# "Experienced" but have some questions.



## pilotib (Jan 14, 2014)

I have been riding since '97 and am actually quite good. I spent a number of years as an instructor but work and life have gotten in the way. I have been happy with the '98 Burton Floater 158 that I got back then, but feel that it is past time for an upgrade. A few years back I upgraded bindings to Ride Preston EX, and boots to Burton Hails. As I mostly ride in the icy Midwest but occasionally get out west, I want an all-mountain board of some kind. 

I found a deal on a GNU Carbon Credit BTX 165W, so I snagged it up. When I got home though, I was shocked to find that the darn thing is barely any longer than my Floater and actually narrower where the bindings sit! I realize the running length has to be, but it just looks strange. I have always had trouble with heel and toe drag already and I don't want to be going backwards. As I am now in my mid-30's, the park riding is gone from me and I love raw, dirty speed and carving the crap out of the icy s*^%hole that is Alpine Valley. I will occasionally hit a jump or rail, but my job requires I stay in one piece and the mortgage comes no matter what.

I want to take this thing out and try the new tech, but if it is not going to be any better or possibly worse for me, I want to take it back while I still can. Any help would be appreciated!

Ryan
6'2"
215
size 12


----------



## CassMT (Mar 14, 2013)

overall length may be similar, but the effective edge is longer

back in the day i was always on a 168-171, now it's a 163 that is a bzillion times better for everything. 

give yourself a chance to get used to it, when you do you will see

*imo* keep it, though a 161-163 probably would have got you


----------



## pilotib (Jan 14, 2014)

Thanks for the reply Cass! All this new stuff is a bit mystifying to me as the new board would have looked broken to me if I saw it back then. Should I be worried about stepping down a bunch in relative quality? I see the edges don't wrap all the way around although I really don't try to run the tip/tail into rocks. Will I end up overpowering it? It's just hard justifying $800 on a board when I barely get out enough anyway. Sorry for being the new guy and asking a lot of questions. The search function is fantastic, but there are a lot of choices out there.


----------



## baldylox (Dec 27, 2007)

If your goal is carving, and are primarily in shitty conditions, camber > banana.


----------



## pilotib (Jan 14, 2014)

I just got back from my local board shop where a much more informed guy around my age seemed to have some good answers.
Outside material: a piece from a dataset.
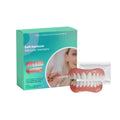 Soft Denture Silicone Veneers, Upper and Lower Denture Set C48884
I think I will be returning the GNU when I get back from my trip next week. He is steering me towards a cambered board and not going all that much longer, probably just to a 161. I happened to drag the Floater with me so that I could compare it to current wide boards and they were all narrower than mine. So now I am thinking :dunno: and I need to keep searching. His suggestion was for a wide Burton Custom X, but that would necessitate either new bindings or a hodgepodge setup. (Not to mention a LOT more money.)
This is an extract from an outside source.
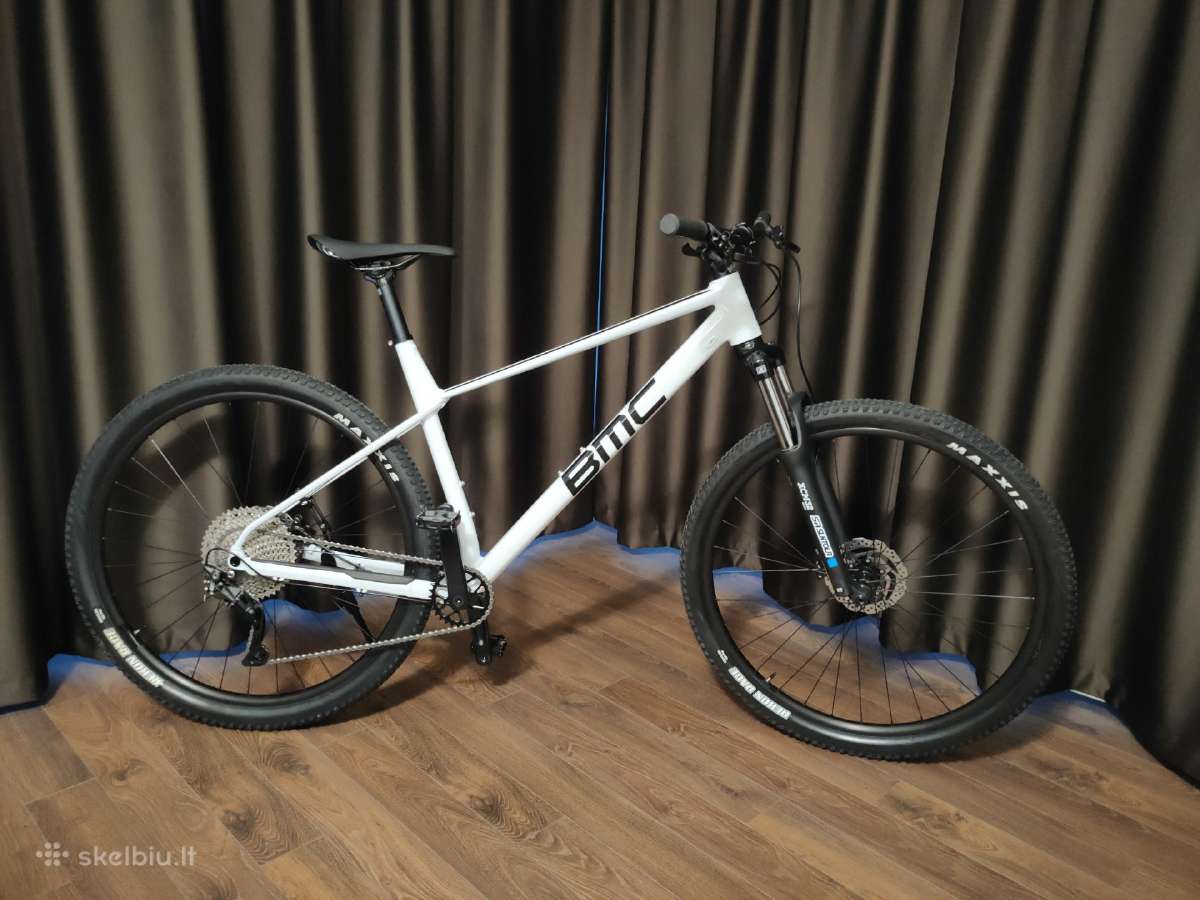 Kalnų Dviratis BMC Twostroke AL 29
I know it's annoying when newbies come on a forum and ask a bunch of questions, but I do appreciate you all taking time to answer!


----------



## andrewdod (Mar 24, 2013)

well, the carbon credit will do fine in the conditions imo. but its going to be very different. The boards are just completely different. What size shoe are you wearing because i'm on a 162w carbon credit with a 13 boot and i'm not having any issues.


----------



## vajohn (Jan 12, 2014)

I ride a custom x 168 normal width with size 12 and dont have any issues. You can run non-est bindings. I also have a k2 parkstar 163 wide. It is a great all mountain board and won't drain your funds as much. I'm thinking about a Never Summer Cobra x as my next board.


----------



## SnowDogWax (Nov 8, 2013)

*163W Park Star*



vajohn said:


> I ride a custom x 168 normal width with size 12 and dont have any issues. You can run non-est bindings. I also have a k2 parkstar 163 wide. It is a great all mountain board and won't drain your funds as much. I'm thinking about a Never Summer Cobra x as my next board.



I have 163W ParkStar in near mint condition $150 dollars. Only problem is i'm at JayPeak VT for another 10 days. Interested P.M. could get the wife email you any photos and ship it also.


----------



## CassMT (Mar 14, 2013)

pilotib said:


> I just got back from my local board shop where a much more informed guy around my age seemed to have some good answers. I think I will be returning the GNU when I get back from my trip next week. He is steering me towards a cambered board and not going all that much longer, probably just to a 161. I happened to drag the Floater with me so that I could compare it to current wide boards and they were all narrower than mine. So now I am thinking :dunno: and I need to keep searching. His suggestion was for a wide Burton Custom X, but that would necessitate either new bindings or a hodgepodge setup. (Not to mention a LOT more money.)
> 
> I know it's annoying when newbies come on a forum and ask a bunch of questions, but I do appreciate you all taking time to answer!


congrats on finding that...i mean a shopguy who is not a complete moron. 

you will probably be happier on a 161-163 whatever....some others that will not force a binding change: K2 Slayblade, Jones Aviator, and the NS Cobra mentioned above

don't fear the new boards, they are vastly better than the old. your riding, and therefore your life, will improve immediatley


----------



## pilotib (Jan 14, 2014)

SnowDogWax said:


> I have 163W ParkStar in near mint condition $150 dollars. Only problem is i'm at JayPeak VT for another 10 days. Interested P.M. could get the wife email you any photos and ship it also.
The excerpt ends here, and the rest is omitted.